A chef doesn't buy a new knife every year. They sharpen the one they have.

The Chopping Board

A knife needs a surface to work on. Nobody shows off their chopping board. It's not exciting. You'll never see a conference talk about the merits of a good chopping board. But try doing prep without one.

Postgres is a chopping board. A monolith is a chopping board. A test suite is a chopping board.

Not because they're simple. A good chopping board is a precision surface: stable, durable, forgiving on the blade. These tools are the same: powerful, versatile, and deep enough to reward years of increasing skill. Postgres has been refined for decades. A well-structured monolith with a clean data layer is the most productive architecture most teams will ever need.

A competent engineer with strong fundamentals, Postgres, and a well-structured monolith can build systems that serve millions of users. Schema design, access patterns, state management, domain modelling: these are knife skills applied to a reliable surface. They compound in ways that tool-specific knowledge never does.

The amateur reaches for a new gadget when something feels hard. The chef reaches for better technique with the tools already on the bench.

Earning Your Specialist Tools

A chef does own specialist tools. A mandoline for cuts that a knife genuinely cannot match. A thermometer for precision that human senses cannot provide. A stand mixer for tasks where muscle and time aren't enough. But each one earned its place through repeated, specific need; not through aspiration.

In software, the equivalent is a service for ML inference that is genuinely novel and tricky. An OLAP data analytics system when you genuinely need high-level, flexible analysis of vast reams of data. A search index when your query patterns outgrow what SQL can express.

The test isn't "does this tool exist" or "could it theoretically help". It's "have I hit the limit of what the knife can do for this specific task, and can I articulate exactly what that limit is". If you can't name the constraint, you haven't earned the gadget yet. You're buying the travel waffle-iron.

Becoming a Chef

The progression from amateur cook to professional chef isn't about acquiring more tools.

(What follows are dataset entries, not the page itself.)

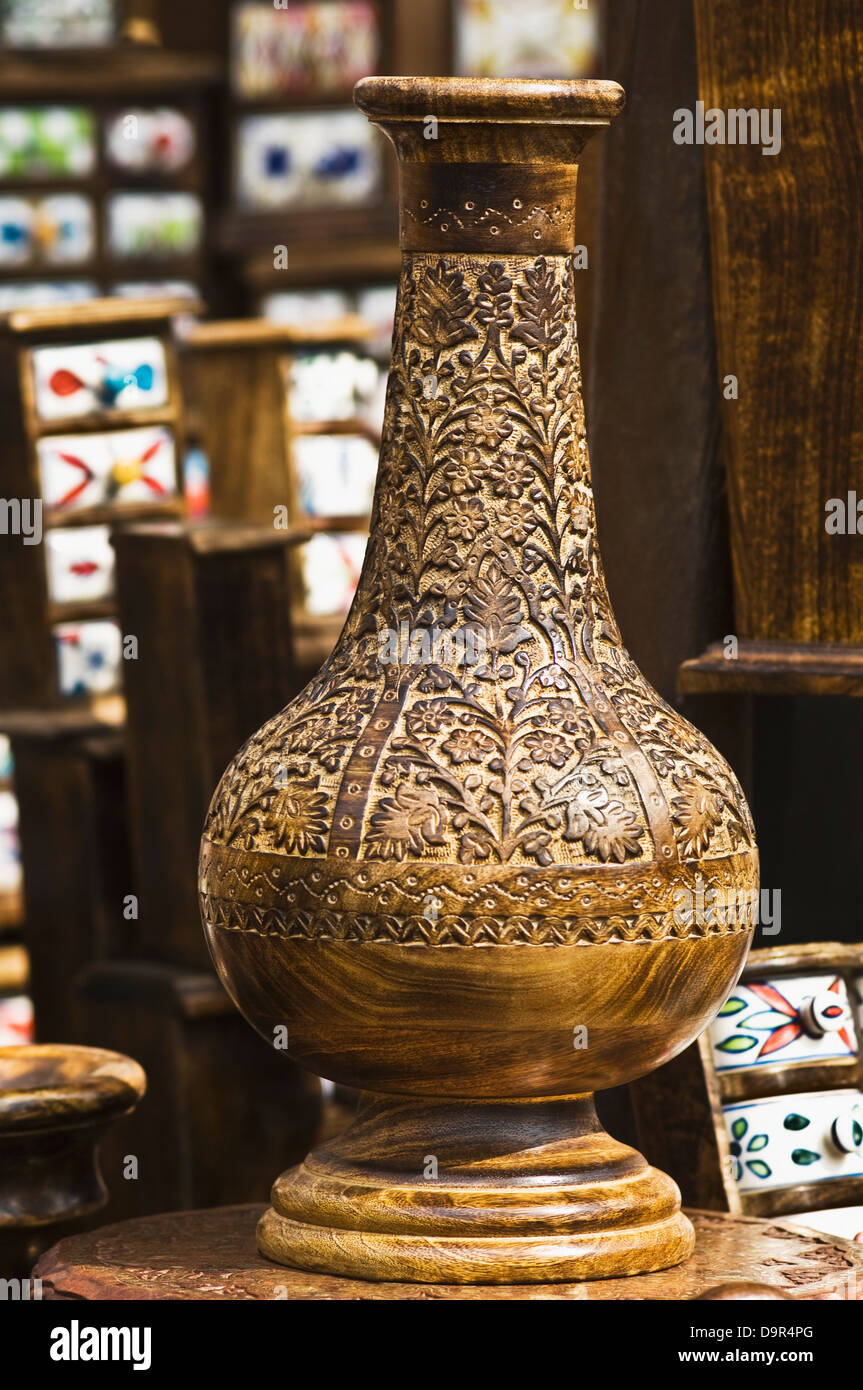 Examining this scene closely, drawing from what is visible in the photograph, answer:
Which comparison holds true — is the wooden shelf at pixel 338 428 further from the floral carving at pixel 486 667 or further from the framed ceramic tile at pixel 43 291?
the framed ceramic tile at pixel 43 291

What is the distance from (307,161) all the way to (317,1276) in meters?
5.37

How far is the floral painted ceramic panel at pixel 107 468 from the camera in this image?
10.5ft

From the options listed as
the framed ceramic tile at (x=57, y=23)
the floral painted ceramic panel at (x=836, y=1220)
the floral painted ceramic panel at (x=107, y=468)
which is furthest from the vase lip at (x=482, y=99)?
the framed ceramic tile at (x=57, y=23)

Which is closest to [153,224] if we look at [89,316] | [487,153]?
[89,316]

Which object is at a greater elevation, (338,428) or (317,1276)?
(338,428)

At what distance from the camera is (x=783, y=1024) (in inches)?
71.1

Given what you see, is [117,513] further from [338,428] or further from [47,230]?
[47,230]

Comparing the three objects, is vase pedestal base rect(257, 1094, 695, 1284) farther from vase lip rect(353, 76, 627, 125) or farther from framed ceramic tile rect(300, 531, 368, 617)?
framed ceramic tile rect(300, 531, 368, 617)

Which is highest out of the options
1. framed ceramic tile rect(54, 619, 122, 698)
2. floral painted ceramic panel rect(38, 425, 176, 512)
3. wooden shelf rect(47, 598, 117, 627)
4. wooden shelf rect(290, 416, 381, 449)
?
wooden shelf rect(290, 416, 381, 449)

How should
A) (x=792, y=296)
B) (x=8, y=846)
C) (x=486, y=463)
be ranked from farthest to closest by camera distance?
1. (x=8, y=846)
2. (x=792, y=296)
3. (x=486, y=463)

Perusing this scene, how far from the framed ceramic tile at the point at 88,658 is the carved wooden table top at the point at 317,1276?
1639 mm

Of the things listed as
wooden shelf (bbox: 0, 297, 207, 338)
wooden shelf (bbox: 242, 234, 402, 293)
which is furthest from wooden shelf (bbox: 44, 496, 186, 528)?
wooden shelf (bbox: 242, 234, 402, 293)

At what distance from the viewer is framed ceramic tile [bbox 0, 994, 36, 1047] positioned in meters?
3.41

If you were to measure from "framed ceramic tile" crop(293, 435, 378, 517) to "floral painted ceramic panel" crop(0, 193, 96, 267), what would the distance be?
2.57 meters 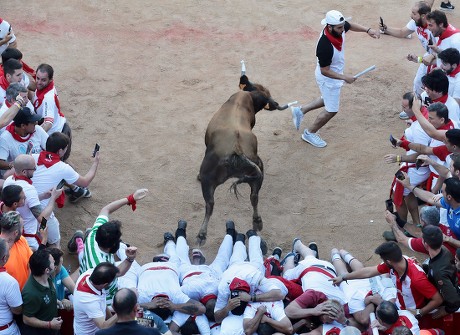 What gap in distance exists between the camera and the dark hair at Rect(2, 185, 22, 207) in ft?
28.8

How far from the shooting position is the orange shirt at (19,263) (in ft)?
27.0

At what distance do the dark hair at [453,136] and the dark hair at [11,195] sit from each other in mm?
4875

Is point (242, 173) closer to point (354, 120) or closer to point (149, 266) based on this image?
point (149, 266)

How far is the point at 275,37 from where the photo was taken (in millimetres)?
15422

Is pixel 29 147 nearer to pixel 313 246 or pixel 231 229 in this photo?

It's about needing fewer. It's the confidence that comes from depth with fundamentals rather than breadth of toolkit.

That's what this series is about. Not a tour of the gadget catalogue, but the knife techniques: state machines for modelling how work moves through your system. Data layers that keep your options open. Architecture patterns that start simple and earn complexity. Queue strategies that use what you already have.

Technique with a good knife. It's enough to build something serious.